Should You Save Or Spend Your Spare Change?

How do you track, store, or spend your extra coins? Do you deposit them in the bank? Drop them in the tip jar? Or have you gone cashfree and haven’t had a single greasy penny mashed into the bottom of your wallet or purse for years?

At The Financial Diet, Casira Copes describes how much money she was able to set aside by collecting spare change for a decade: 

I decided to “roll” all of my coins myself. Rolling is the process of putting the coins into paper wrappers (which you can usually get for free from your bank) so that they are collected and sealed into easily countable increments, like $2, $5, $10, etc. […] I counted all my coins one by one, for a total of $2534.60.

Not bad, right? Well… maybe. Copes explains that it took her several weeks to roll and cart her coins to the bank, which some people might view as a lot of wasted time. She also notes that, by putting the coins in a jar, she missed out on the years of compound interest she could have earned from depositing them in a savings account or retirement account right away.

Because I like to do the maths: saving roughly $253.50 per year for ten years in a savings account with 1.5 per cent APY yields $2735.58. You could earn another year’s worth of coin collecting in interest, give or take, but that isn’t life-changing money.

If you invested that money at the same rate and got a steady-but-conservative 4 per cent return, you’d end up with around $2996.72.

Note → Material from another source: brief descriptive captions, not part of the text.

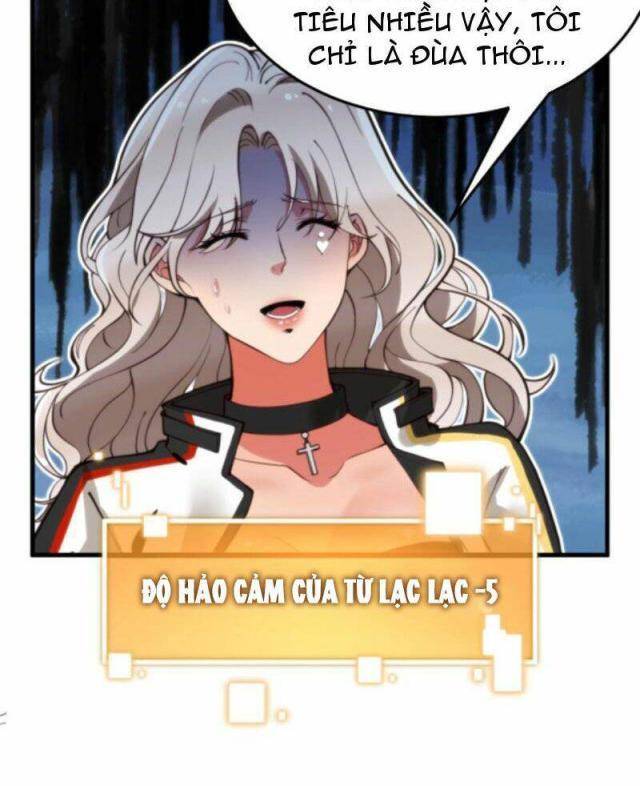 Ta Có 90 Tỷ Tiền Liếm Cẩu! Chap 4 - Next Chap 5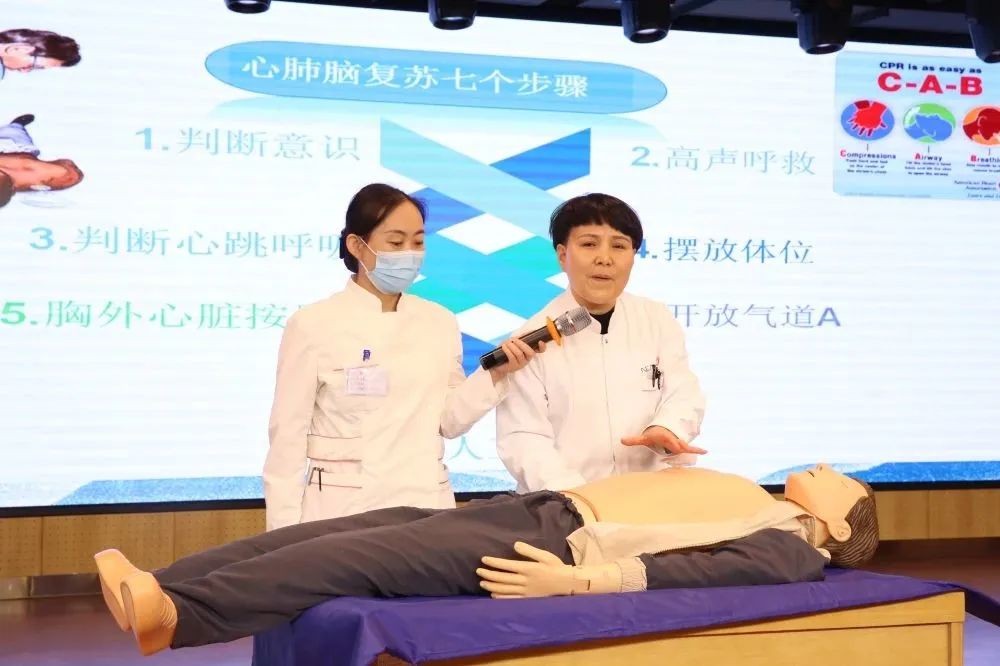 微信图片_20230329150213.jpg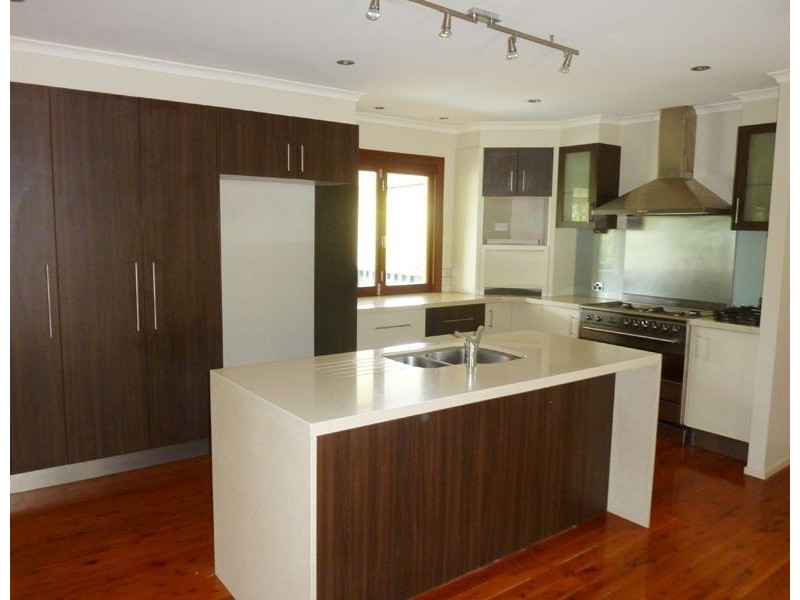 3 Kanni Court, Ashmore QLD 4214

Adding an extra $2534.60 to your bank account in one go, on the other hand, feels like a windfall.

That’s why putting spare change into a piggy bank works, for so many people. The change is out of sight and out of mind — and when you’ve got enough coins set aside, it’s like cashing in a bunch of free money.

I’m one of those people who likes to deal with as little spare change as possible. According to YNAB, I’ve only spent $40 in paper money this year. The rest of my spending has been via credit/debit and the occasional check.

If I end up with a few coins left over after an unavoidable cash transaction, I generally end up tossing them into the nearest tip jar or wishing well.